On the whole, the service was exceptionally strong, though there were a few minor mistakes. On my second visit, two out of four menus were slightly out of date. This caused several minutes of confusion as we tried to reason out which was most likely to be correct, until our server returned and resolved the dilemma. On one visit, espresso was served lukewarm, and on another, the server didn't ask if we wanted sweeteners or milk until after the coffee had already been served.
The servers had better than average wine pairing skills, which may help you navigate Soba's lengthy, varied and interesting wine list. But be warned, the markups are fairly high. Wines by the glass seem to have a higher markup both by the glass and by the bottle than those wines that are just offered by the bottle. Soba also has an interesting cocktail list, a lengthy list of sakes and a few unique non-alcoholic options such as Tibetan Tea, a sort of herb-based soda made with cane sugar and without any artificial flavors.

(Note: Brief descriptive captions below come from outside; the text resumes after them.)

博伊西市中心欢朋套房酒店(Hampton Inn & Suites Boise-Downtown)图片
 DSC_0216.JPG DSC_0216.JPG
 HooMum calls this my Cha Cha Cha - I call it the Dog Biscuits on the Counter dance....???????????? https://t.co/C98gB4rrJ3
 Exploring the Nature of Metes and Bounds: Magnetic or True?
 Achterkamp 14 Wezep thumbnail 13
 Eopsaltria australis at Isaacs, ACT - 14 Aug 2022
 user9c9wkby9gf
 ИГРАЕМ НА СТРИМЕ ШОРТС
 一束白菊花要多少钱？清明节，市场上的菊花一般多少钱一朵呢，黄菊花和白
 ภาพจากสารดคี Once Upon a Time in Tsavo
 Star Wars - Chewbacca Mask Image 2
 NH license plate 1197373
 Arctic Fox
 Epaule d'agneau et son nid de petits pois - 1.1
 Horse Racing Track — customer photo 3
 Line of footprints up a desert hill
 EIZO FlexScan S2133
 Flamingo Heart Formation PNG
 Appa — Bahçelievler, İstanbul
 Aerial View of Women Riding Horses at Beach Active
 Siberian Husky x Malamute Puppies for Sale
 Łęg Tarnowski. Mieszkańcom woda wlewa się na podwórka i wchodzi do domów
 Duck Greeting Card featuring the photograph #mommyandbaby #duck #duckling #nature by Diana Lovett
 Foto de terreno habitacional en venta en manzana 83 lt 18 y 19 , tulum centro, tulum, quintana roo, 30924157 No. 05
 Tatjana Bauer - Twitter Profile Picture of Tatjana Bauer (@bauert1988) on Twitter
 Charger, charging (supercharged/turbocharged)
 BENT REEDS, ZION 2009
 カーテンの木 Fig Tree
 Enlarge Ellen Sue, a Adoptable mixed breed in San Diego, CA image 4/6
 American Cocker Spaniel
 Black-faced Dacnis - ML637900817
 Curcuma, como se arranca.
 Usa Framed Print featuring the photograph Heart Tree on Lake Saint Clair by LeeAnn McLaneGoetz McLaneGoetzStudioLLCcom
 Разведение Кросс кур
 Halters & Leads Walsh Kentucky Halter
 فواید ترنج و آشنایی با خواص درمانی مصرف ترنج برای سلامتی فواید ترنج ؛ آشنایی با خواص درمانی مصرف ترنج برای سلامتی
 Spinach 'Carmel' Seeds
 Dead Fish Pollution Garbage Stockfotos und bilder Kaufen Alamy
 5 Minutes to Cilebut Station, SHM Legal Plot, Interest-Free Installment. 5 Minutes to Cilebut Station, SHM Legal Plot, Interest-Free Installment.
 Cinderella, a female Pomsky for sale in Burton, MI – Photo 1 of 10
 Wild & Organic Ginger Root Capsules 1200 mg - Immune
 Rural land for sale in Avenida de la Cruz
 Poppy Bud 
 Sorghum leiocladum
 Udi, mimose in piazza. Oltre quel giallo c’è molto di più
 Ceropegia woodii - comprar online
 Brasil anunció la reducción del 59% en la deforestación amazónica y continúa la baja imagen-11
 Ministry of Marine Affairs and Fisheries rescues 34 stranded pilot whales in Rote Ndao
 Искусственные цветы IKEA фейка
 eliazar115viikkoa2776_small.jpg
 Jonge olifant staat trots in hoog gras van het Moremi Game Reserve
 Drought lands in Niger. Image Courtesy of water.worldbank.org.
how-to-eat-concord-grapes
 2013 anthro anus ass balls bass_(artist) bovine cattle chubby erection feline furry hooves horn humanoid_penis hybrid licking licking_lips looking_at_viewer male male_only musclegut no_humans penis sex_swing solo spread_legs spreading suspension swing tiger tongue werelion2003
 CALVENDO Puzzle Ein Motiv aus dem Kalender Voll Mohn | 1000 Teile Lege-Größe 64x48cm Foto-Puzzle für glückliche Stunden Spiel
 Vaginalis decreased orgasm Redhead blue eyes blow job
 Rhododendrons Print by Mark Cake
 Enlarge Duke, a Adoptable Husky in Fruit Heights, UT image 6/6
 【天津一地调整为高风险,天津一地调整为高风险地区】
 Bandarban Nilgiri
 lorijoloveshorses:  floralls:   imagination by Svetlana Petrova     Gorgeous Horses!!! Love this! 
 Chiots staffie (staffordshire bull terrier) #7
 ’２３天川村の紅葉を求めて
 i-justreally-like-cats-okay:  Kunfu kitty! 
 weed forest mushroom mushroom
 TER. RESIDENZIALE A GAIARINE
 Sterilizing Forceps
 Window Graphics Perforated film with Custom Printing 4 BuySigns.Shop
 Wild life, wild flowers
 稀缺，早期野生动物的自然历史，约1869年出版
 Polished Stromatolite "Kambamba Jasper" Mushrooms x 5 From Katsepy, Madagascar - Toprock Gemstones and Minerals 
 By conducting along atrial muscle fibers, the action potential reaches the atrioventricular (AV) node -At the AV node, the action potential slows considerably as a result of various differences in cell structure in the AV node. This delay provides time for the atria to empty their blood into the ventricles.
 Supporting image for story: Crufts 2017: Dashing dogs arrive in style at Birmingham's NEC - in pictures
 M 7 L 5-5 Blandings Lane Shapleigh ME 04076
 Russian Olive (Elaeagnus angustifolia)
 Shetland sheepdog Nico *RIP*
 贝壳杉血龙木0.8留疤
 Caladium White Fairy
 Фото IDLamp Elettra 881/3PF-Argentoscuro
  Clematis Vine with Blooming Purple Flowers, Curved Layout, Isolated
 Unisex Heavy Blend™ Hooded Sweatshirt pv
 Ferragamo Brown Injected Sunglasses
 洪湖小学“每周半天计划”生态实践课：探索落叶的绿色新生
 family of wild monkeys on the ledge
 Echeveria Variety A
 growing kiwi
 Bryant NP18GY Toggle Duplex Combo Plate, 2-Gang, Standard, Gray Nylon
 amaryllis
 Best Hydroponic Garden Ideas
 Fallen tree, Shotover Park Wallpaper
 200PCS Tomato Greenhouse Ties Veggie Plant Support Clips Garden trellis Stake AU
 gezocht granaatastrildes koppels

Part of me yearned to judge Soba only on its successes and to ignore the mundane dishes that dilute the restaurant's promise, but weaknesses as well as strengths must be taken into account. It's almost as if there are two Sobas, sharing a space and a staff, and intermingling on the menu.
One seeks primarily to please, turning out likable, uncomplicated dishes, catering to the customers' tastes, rather than the kitchen's.
The second Soba takes a little more care and attention to discover. You may not like everything you order; you'll have to take some risks. But this Soba will feed your desire for the new, the exciting and the unique. It is this Soba that will inspire you, even compel you, to return.